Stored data
○ ○ ○ ○ ○ ○ ○

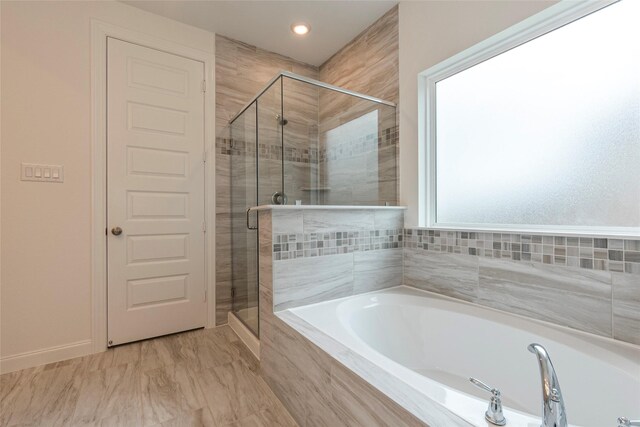 bathroom featuring a shower stall and a garden tub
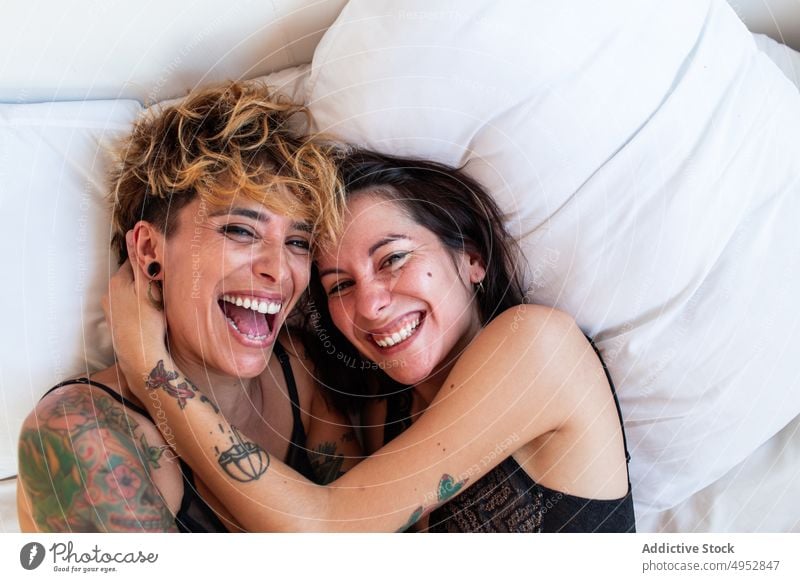 Lesbisches Paar hat Spaß im Bett lesbisch Kribbeln Lachen heimwärts Zusammensein Partnerschaft Liebe Frauen Schlafzimmer lgbt romantisch Homosexualität sinnlich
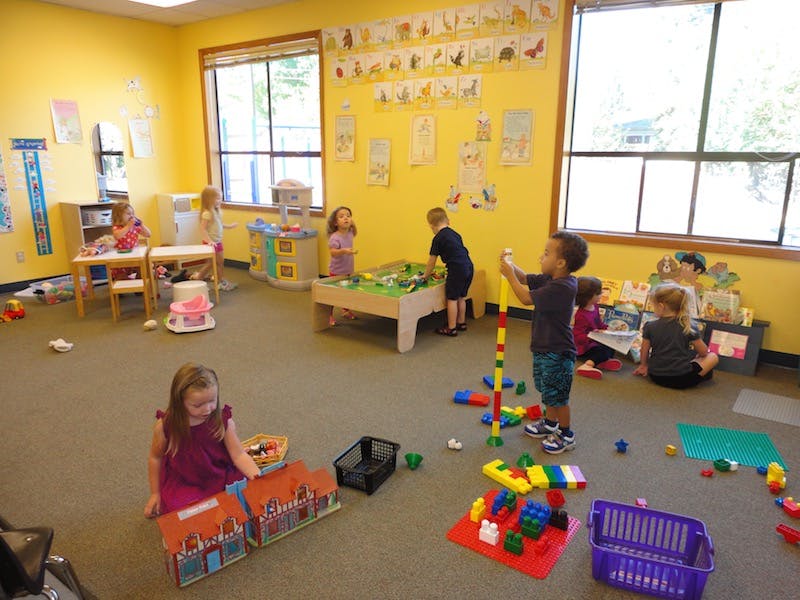 Children playing with toys in a classroom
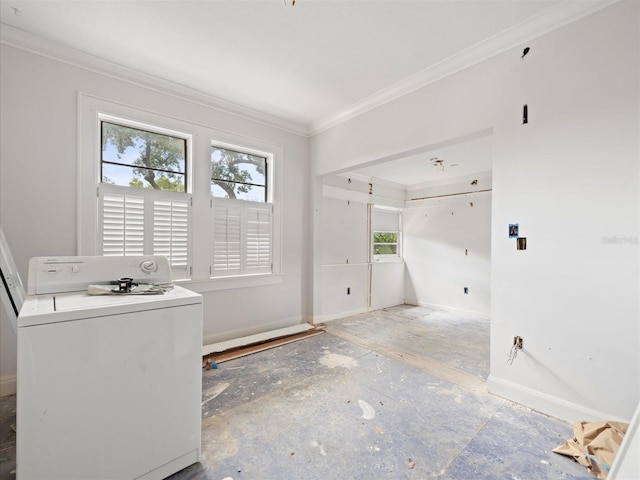 laundry room with ornamental molding and washer / dryer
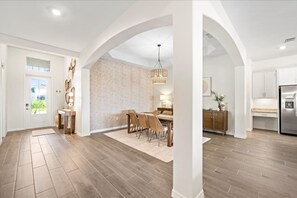 A spacious kitchen with modern appliances, a dining area with a chandelier, and a living space with a large window. - Heritage Landing Waterview and Pool Home (Punta Gorda)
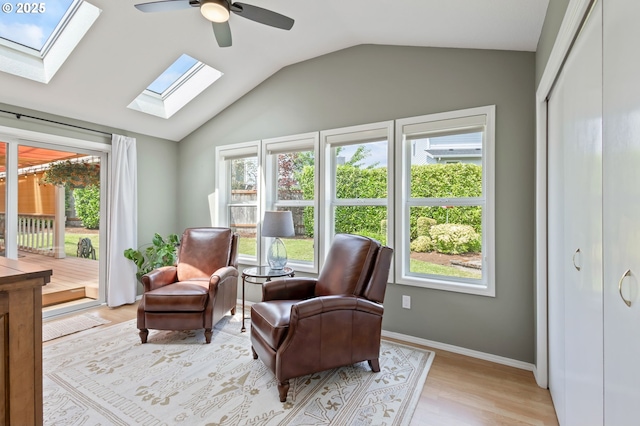 13355 SW Chimney Ridge Ct, Tigard, OR 97223 - living area featuring a skylight, lofted ceiling, a ceiling fan, and light wood-style floors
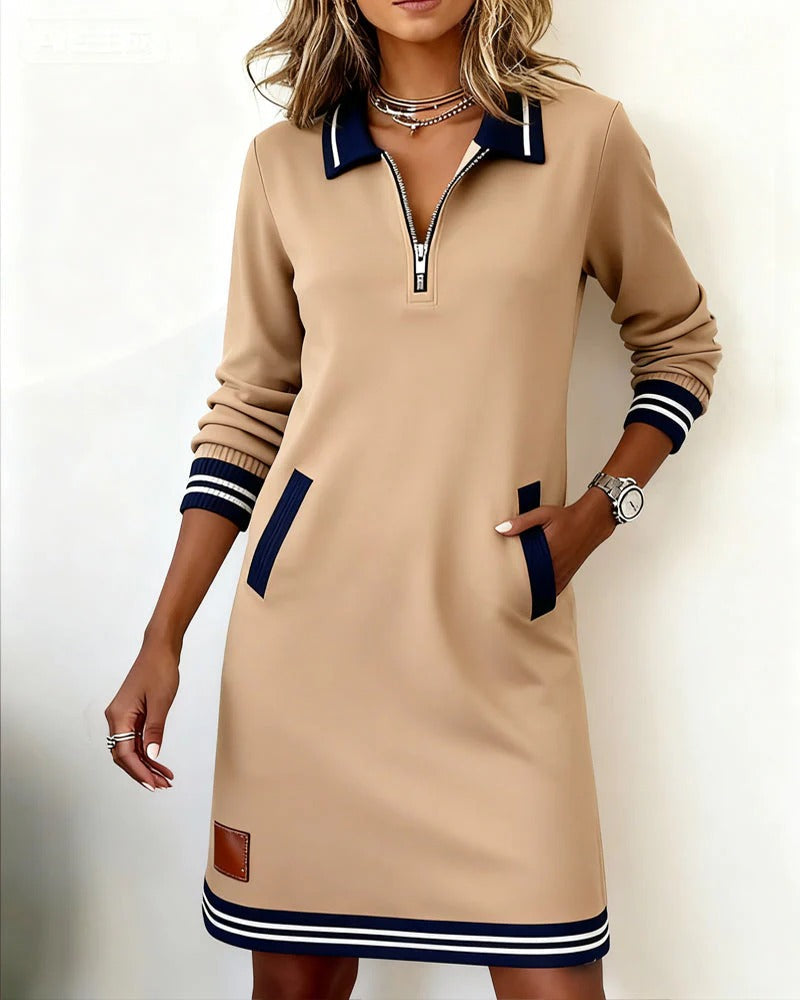 Vestido de algodón beige con cremallera, bolsillo lateral y puños a rayas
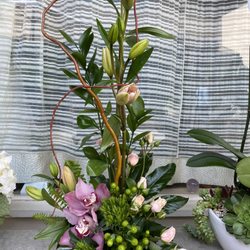 Pacific Palisades Village Florist - Pink lillies, pink orchids, pink spray roses, green coffe beans.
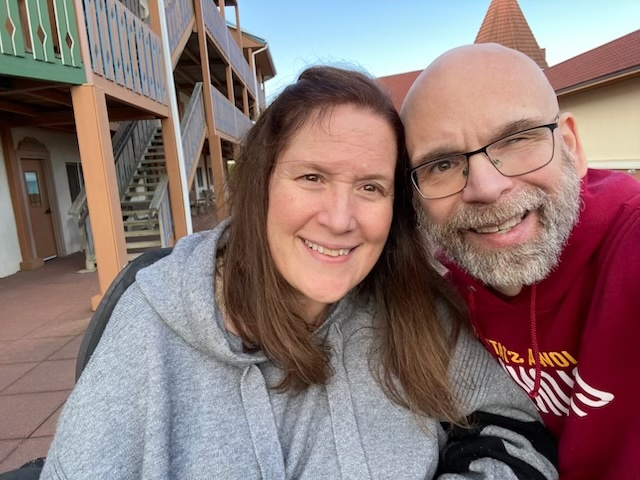 Jennifer and Dan Digmann smiling together while reflecting on healthy habits, discipline, and living well with Multiple Sclerosis.
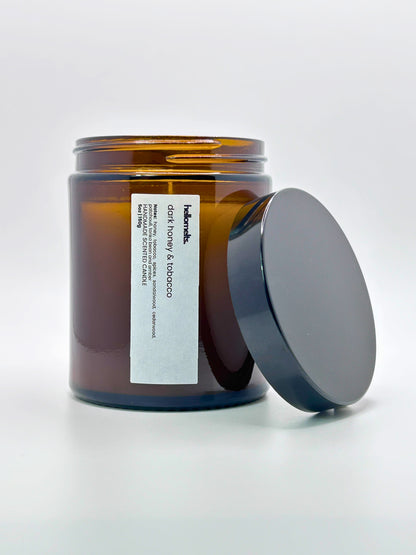 Front view of Dark Honey & Tobacco autumn scented candle by Hellomelts with the lid placed beside it, part of the Autumn Collection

○ ○ ○ ○ ○ ○ ○

**Work to complete:**
Retype the data shown above exactly, excluding any picture it contains.

**Exercise output:**
 bathroom featuring a shower stall and a garden tub
 Lesbisches Paar hat Spaß im Bett lesbisch Kribbeln Lachen heimwärts Zusammensein Partnerschaft Liebe Frauen Schlafzimmer lgbt romantisch Homosexualität sinnlich
 Children playing with toys in a classroom
 laundry room with ornamental molding and washer / dryer
 A spacious kitchen with modern appliances, a dining area with a chandelier, and a living space with a large window. - Heritage Landing Waterview and Pool Home (Punta Gorda)
 13355 SW Chimney Ridge Ct, Tigard, OR 97223 - living area featuring a skylight, lofted ceiling, a ceiling fan, and light wood-style floors
 Vestido de algodón beige con cremallera, bolsillo lateral y puños a rayas
 Pacific Palisades Village Florist - Pink lillies, pink orchids, pink spray roses, green coffe beans.
 Jennifer and Dan Digmann smiling together while reflecting on healthy habits, discipline, and living well with Multiple Sclerosis.
 Front view of Dark Honey & Tobacco autumn scented candle by Hellomelts with the lid placed beside it, part of the Autumn Collection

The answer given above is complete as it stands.